THIS AMENDED AND RESTATED EMPLOYMENT AGREEMENT (this Agreement), made and entered into as of February 1, 2008 (the Restatement Date), by and between VYYO INC., a Delaware corporation (hereinafter the Corporation), and DAVIDI GILO (hereinafter Gilo).
RECITALS
A. The Corporation previously employed Gilo as Chief Executive Officer and Chairman of the Corporations Board of Directors pursuant to the terms of an Employment Agreement between the Corporation and Gilo made and entered into as of February 10, 2006 (the Effective Date), and as Chairman of the Corporations Board of Directors pursuant to the terms of an Amended and Restated Employment Agreement between the Corporation and Gilo made and entered into as of April 5, 2007, subject to election to the Board of Directors by the Corporations stockholders and until Gilos successor is duly appointed and elected. The Corporation and Gilo now desire to enter this Agreement as of the Restatement Date under the terms set forth below.

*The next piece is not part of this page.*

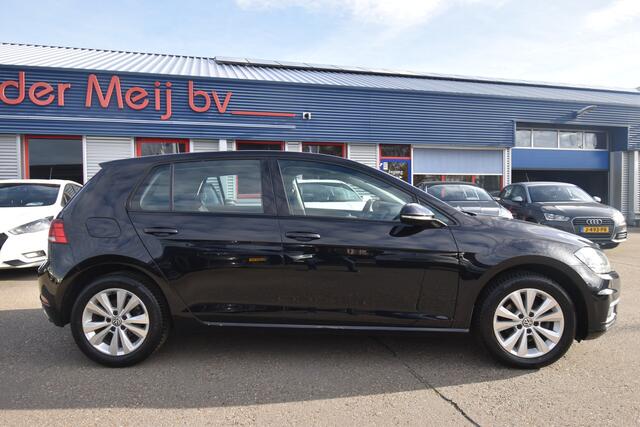 Volkswagen GOLF 1.0 TSI Comfortline , A UITRIJ CAM , PDC V+A , NAVI , CR CONTR , CLIMATR ,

B. In connection with Gilos employment with the Corporation, the Corporation and Gilo desire to enter into this Agreement according to the terms and conditions set forth below.
AGREEMENT
NOW, THEREFORE, the parties hereto hereby agree as follows:
1. Employment Duties.
a. General. The Corporation hereby agrees to employ Gilo, and Gilo hereby agrees to accept employment with the Corporation, on the terms and conditions hereinafter set forth.
b. Corporations Duties. The Corporation shall allow Gilo to, and Gilo shall, perform responsibilities normally incident to the position of Chairman of the Board of Directors, commensurate with his background, education, experience and professional standing. The Corporation shall provide Gilo with such office equipment, supplies, customary services and cooperation suitable for the performance of his duties.
c. Gilos Duties. Unless otherwise agreed to by the parties, Gilo shall serve as Chairman of the Board of the Corporation, subject to the vote of the stockholders and Board of Directors as applicable, and until Gilos successor is duly appointed and elected. Gilo shall devote approximately twenty (20) hours per week to the business of the Corporation, and shall not become engaged to render similar services on behalf of any other entity while employed hereunder which is in any way competitive to the Corporation, without the consent of the Corporations Board of Directors. Gilo shall report directly to the Corporations Board of Directors.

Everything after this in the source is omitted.